_DATA UNDER STUDY_:
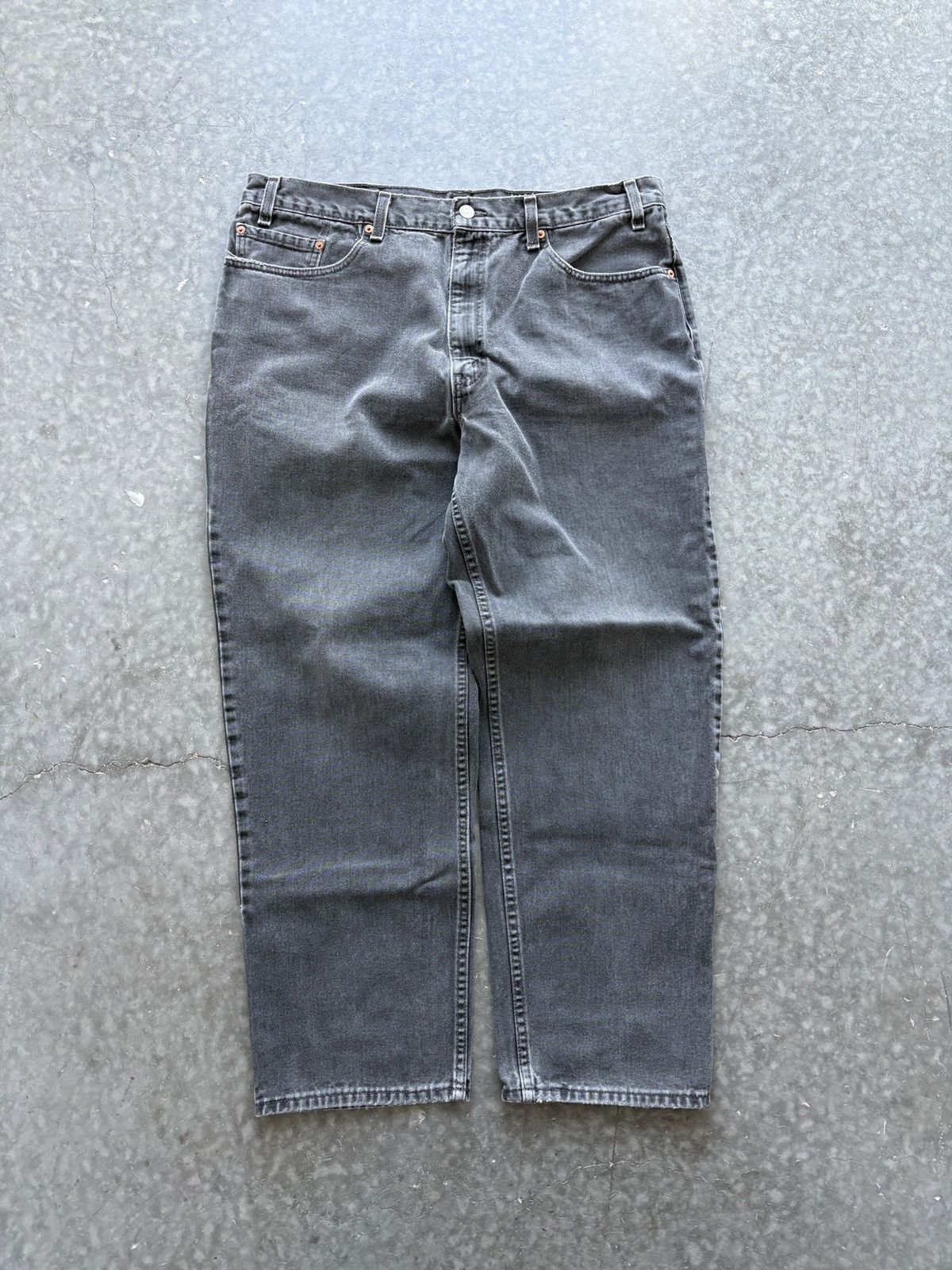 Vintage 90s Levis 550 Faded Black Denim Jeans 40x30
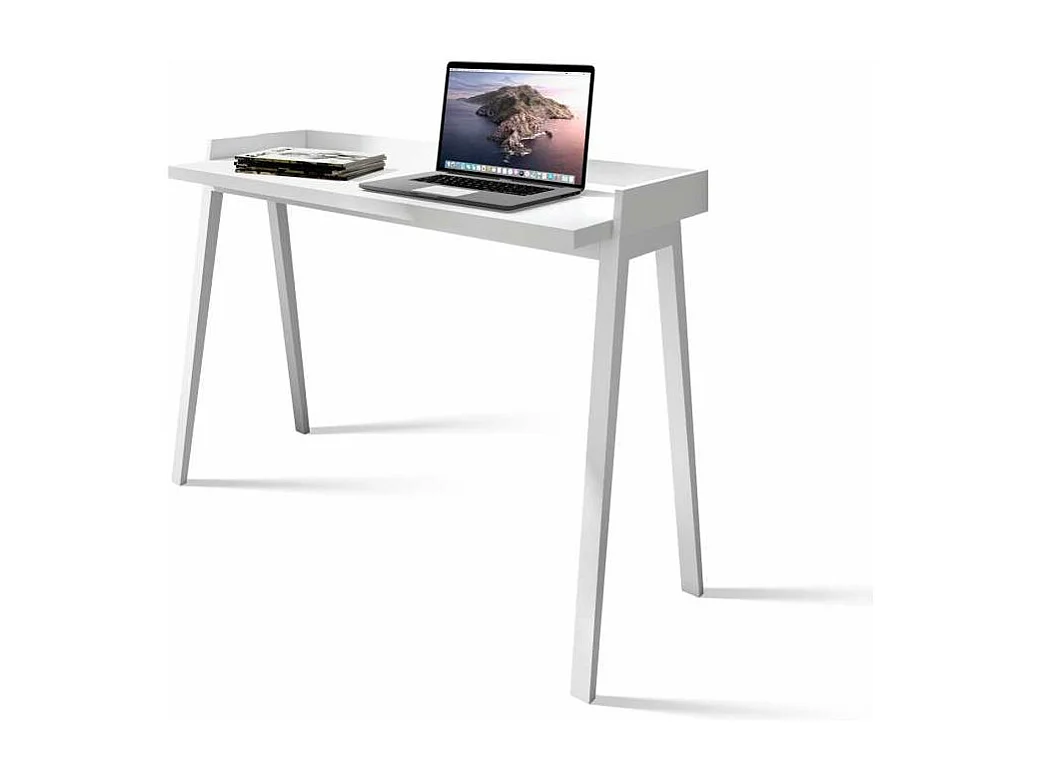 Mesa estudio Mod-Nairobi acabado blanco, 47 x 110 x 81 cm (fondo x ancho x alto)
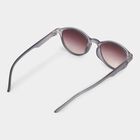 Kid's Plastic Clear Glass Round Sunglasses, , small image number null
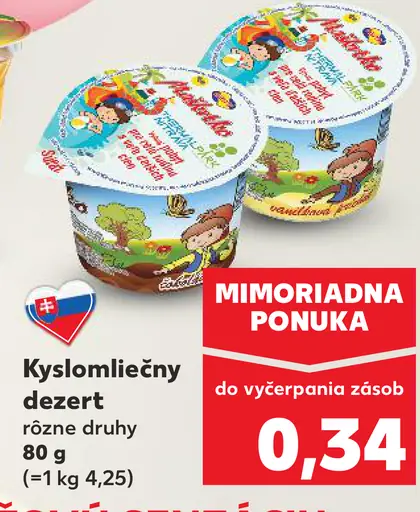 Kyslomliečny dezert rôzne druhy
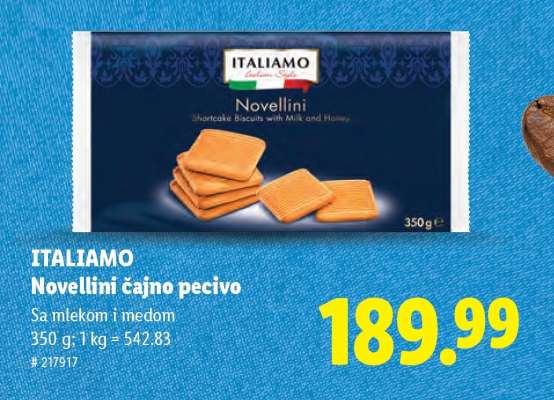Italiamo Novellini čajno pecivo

_ABOUT THIS TASK_: Your copy should match every record exactly and contain no pictures.

_SOLUTION TO THE PROBLEM_:
 Vintage 90s Levis 550 Faded Black Denim Jeans 40x30
 Mesa estudio Mod-Nairobi acabado blanco, 47 x 110 x 81 cm (fondo x ancho x alto)
 Kid's Plastic Clear Glass Round Sunglasses, , small image number null
 Kyslomliečny dezert rôzne druhy
Italiamo Novellini čajno pecivo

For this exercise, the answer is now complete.